In calico 3.31.4 using ebpf and vxlan we are seeing a lot of connection refused errors for services receiving traffic via nodeports when calico-node pods on the nodes where the nodeport traffic arrives are restarted.

The problem does not occur under the same conditions in calico 3.30.6 and if calico-node pods are restarted on nodes where no nodeport traffic is arriving on (but with workload pods present)

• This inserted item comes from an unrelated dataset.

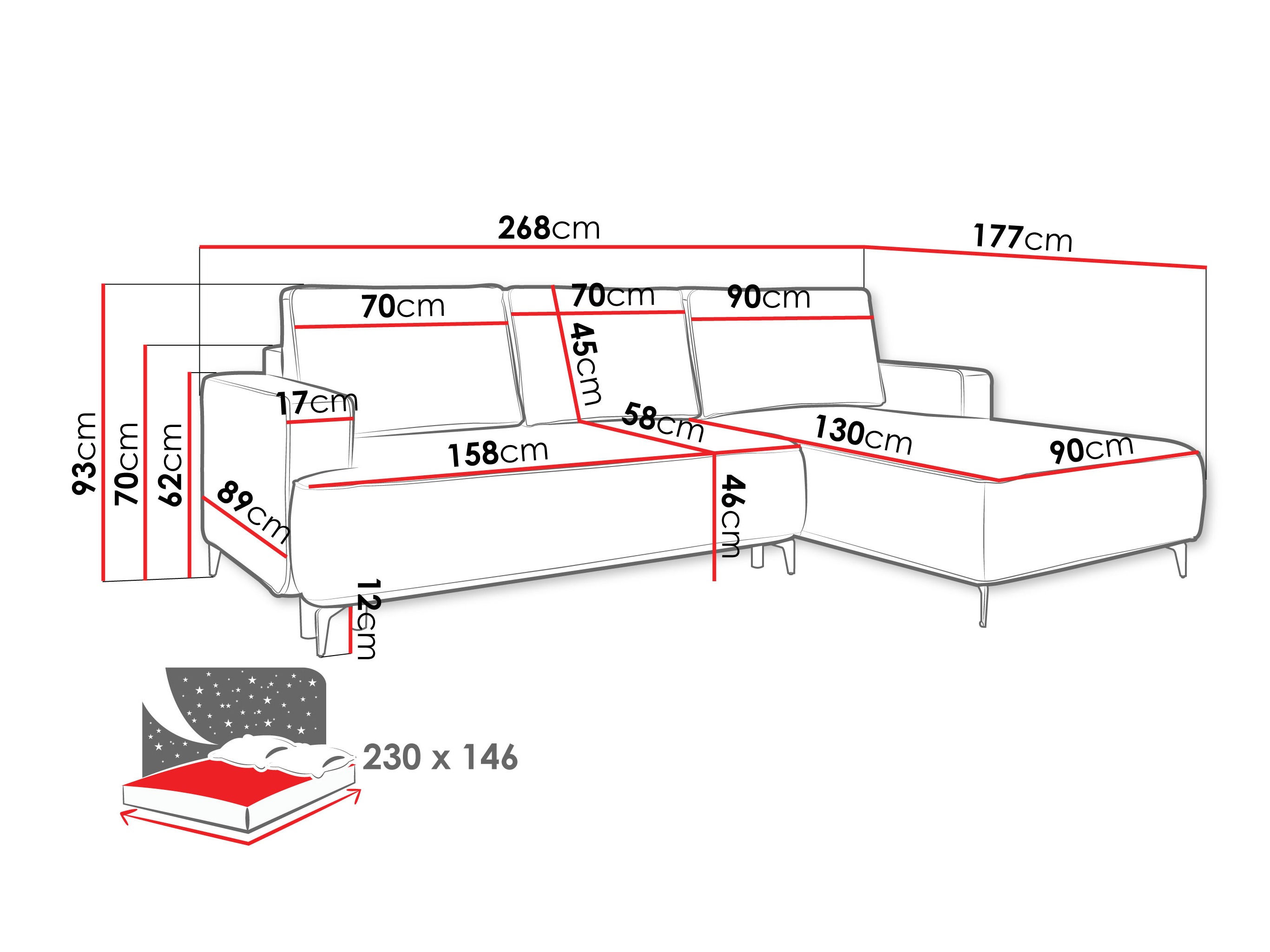 Corner sofa ComfiDream Lyraion (Castel 39)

The interrupt occurrs shortly before the calico-node pod becomes ready and affects almost all traffic for about 5 seconds for a simple 2.000req/s small http get service from around 5 source ips (without keepalive).

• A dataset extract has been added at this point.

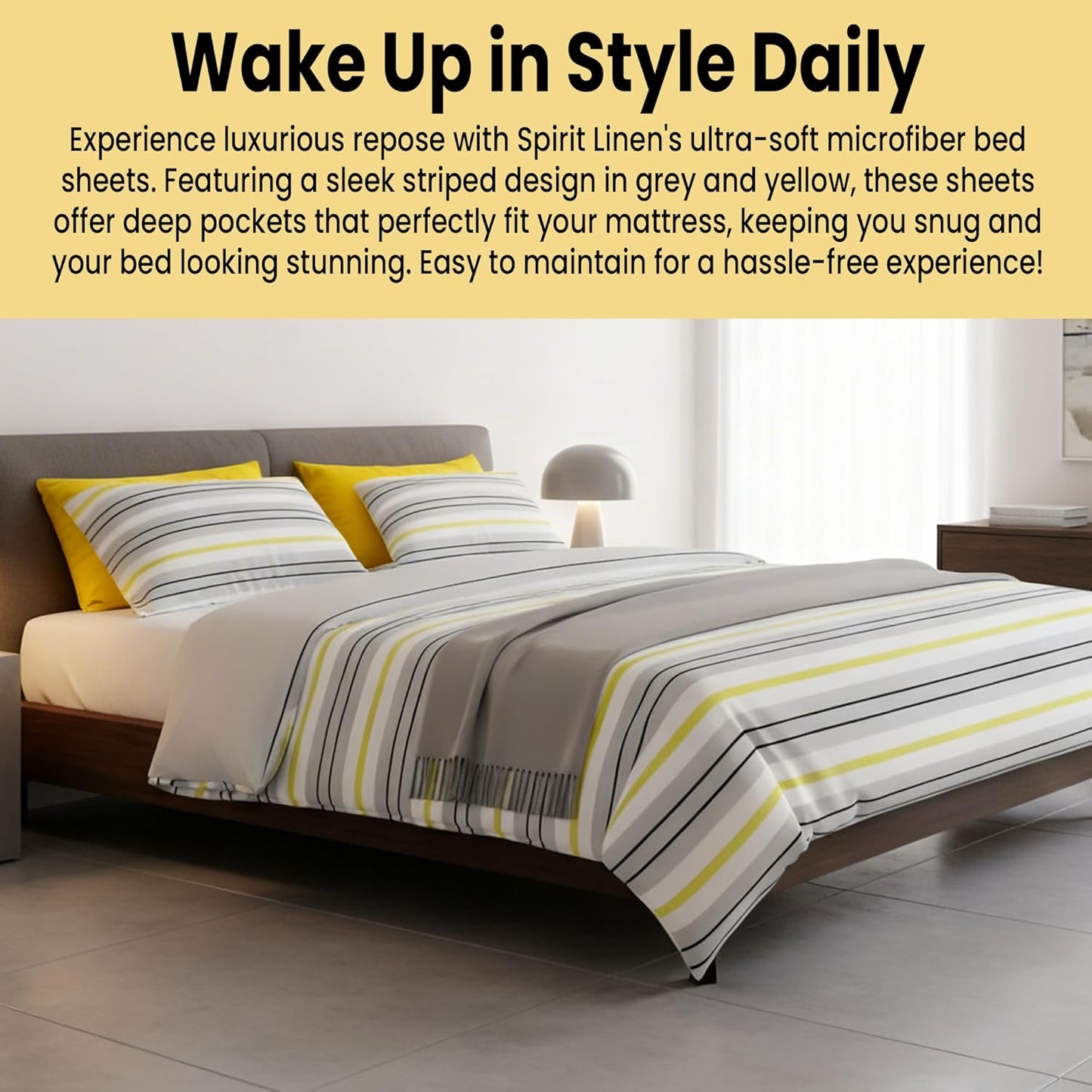 6-Piece King Size Bed Sheet Set - Deep Pocket, Striped Pattern, Soft and Breathable Bed Sheets, Microfiber Material, Includes 1 Fitted, 1 Flat, 4 Pillowcases - Grey/Yellow Stripe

The felixconfiguration is:

spec: bpfConnectTimeLoadBalancing: Disabled bpfEnabled: true bpfExternalServiceMode: DSR bpfHostNetworkedNATWithoutCTLB: Enabled bpfKubeProxyIptablesCleanupEnabled: true bpfKubeProxyMinSyncPeriod: 1s bpfLogLevel: "Off" bpfMapSizeConntrack: 4096000 bpfMapSizeConntrackCleanupQueue: 500000 interfaceExclude: lo,docker0 ipipEnabled: false logSeverityScreen: warning reportingInterval: 0s 

This is if rather small impact for us as we drain all nodes of traffic before we restart calico pods for upgrades so I currently cannot spend a lot of time trying to narrow down the issue further.

I have not tested if other forms of traffic between nodes/pods is affected.

Expected Behavior

restarting a calico node pod does cause traffic interruptions.